Short text fragments from websites →
◇ ◇ ◇ ◇ ◇
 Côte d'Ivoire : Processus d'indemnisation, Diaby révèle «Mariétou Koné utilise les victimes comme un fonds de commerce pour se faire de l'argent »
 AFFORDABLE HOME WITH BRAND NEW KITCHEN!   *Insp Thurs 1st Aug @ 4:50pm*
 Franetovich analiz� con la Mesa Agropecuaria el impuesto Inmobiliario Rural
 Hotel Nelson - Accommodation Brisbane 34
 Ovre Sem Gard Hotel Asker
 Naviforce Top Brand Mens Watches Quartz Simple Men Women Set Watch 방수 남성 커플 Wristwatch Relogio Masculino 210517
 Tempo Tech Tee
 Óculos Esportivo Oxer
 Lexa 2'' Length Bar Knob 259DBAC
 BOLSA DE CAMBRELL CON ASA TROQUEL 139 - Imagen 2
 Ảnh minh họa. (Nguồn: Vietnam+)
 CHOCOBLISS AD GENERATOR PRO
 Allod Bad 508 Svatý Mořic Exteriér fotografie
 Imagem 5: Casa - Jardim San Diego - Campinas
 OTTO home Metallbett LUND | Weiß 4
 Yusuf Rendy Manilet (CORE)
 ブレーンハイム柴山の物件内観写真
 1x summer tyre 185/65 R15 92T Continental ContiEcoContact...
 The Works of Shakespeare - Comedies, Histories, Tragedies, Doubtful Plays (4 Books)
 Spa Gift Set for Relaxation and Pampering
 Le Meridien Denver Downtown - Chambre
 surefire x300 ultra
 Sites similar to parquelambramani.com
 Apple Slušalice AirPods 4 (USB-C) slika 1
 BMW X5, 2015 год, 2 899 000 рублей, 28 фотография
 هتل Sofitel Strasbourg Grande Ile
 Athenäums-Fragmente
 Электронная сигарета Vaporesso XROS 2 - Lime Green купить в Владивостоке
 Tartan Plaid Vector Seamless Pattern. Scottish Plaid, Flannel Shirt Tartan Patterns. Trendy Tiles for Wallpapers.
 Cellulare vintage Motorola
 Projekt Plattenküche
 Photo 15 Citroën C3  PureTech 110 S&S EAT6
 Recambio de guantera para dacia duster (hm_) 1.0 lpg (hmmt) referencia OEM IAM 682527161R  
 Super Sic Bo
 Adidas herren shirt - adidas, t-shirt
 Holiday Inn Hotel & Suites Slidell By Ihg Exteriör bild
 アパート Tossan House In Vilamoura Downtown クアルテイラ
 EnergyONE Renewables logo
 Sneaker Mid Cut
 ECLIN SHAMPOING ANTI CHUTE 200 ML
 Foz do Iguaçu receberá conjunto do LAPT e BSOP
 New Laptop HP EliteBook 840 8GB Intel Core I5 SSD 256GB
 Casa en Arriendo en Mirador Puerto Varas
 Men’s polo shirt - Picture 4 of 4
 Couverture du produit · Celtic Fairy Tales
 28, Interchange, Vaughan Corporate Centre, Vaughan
◇ ◇ ◇ ◇ ◇
Exercise details → Print the records once more, exactly as they were given.

Task answer →
 Côte d'Ivoire : Processus d'indemnisation, Diaby révèle «Mariétou Koné utilise les victimes comme un fonds de commerce pour se faire de l'argent »
 AFFORDABLE HOME WITH BRAND NEW KITCHEN!   *Insp Thurs 1st Aug @ 4:50pm*
 Franetovich analiz� con la Mesa Agropecuaria el impuesto Inmobiliario Rural
 Hotel Nelson - Accommodation Brisbane 34
 Ovre Sem Gard Hotel Asker
 Naviforce Top Brand Mens Watches Quartz Simple Men Women Set Watch 방수 남성 커플 Wristwatch Relogio Masculino 210517
 Tempo Tech Tee
 Óculos Esportivo Oxer
 Lexa 2'' Length Bar Knob 259DBAC
 BOLSA DE CAMBRELL CON ASA TROQUEL 139 - Imagen 2
 Ảnh minh họa. (Nguồn: Vietnam+)
 CHOCOBLISS AD GENERATOR PRO
 Allod Bad 508 Svatý Mořic Exteriér fotografie
 Imagem 5: Casa - Jardim San Diego - Campinas
 OTTO home Metallbett LUND | Weiß 4
 Yusuf Rendy Manilet (CORE)
 ブレーンハイム柴山の物件内観写真
 1x summer tyre 185/65 R15 92T Continental ContiEcoContact...
 The Works of Shakespeare - Comedies, Histories, Tragedies, Doubtful Plays (4 Books)
 Spa Gift Set for Relaxation and Pampering
 Le Meridien Denver Downtown - Chambre
 surefire x300 ultra
 Sites similar to parquelambramani.com
 Apple Slušalice AirPods 4 (USB-C) slika 1
 BMW X5, 2015 год, 2 899 000 рублей, 28 фотография
 هتل Sofitel Strasbourg Grande Ile
 Athenäums-Fragmente
 Электронная сигарета Vaporesso XROS 2 - Lime Green купить в Владивостоке
 Tartan Plaid Vector Seamless Pattern. Scottish Plaid, Flannel Shirt Tartan Patterns. Trendy Tiles for Wallpapers.
 Cellulare vintage Motorola
 Projekt Plattenküche
 Photo 15 Citroën C3  PureTech 110 S&S EAT6
 Recambio de guantera para dacia duster (hm_) 1.0 lpg (hmmt) referencia OEM IAM 682527161R  
 Super Sic Bo
 Adidas herren shirt - adidas, t-shirt
 Holiday Inn Hotel & Suites Slidell By Ihg Exteriör bild
 アパート Tossan House In Vilamoura Downtown クアルテイラ
 EnergyONE Renewables logo
 Sneaker Mid Cut
 ECLIN SHAMPOING ANTI CHUTE 200 ML
 Foz do Iguaçu receberá conjunto do LAPT e BSOP
 New Laptop HP EliteBook 840 8GB Intel Core I5 SSD 256GB
 Casa en Arriendo en Mirador Puerto Varas
 Men’s polo shirt - Picture 4 of 4
 Couverture du produit · Celtic Fairy Tales
 28, Interchange, Vaughan Corporate Centre, Vaughan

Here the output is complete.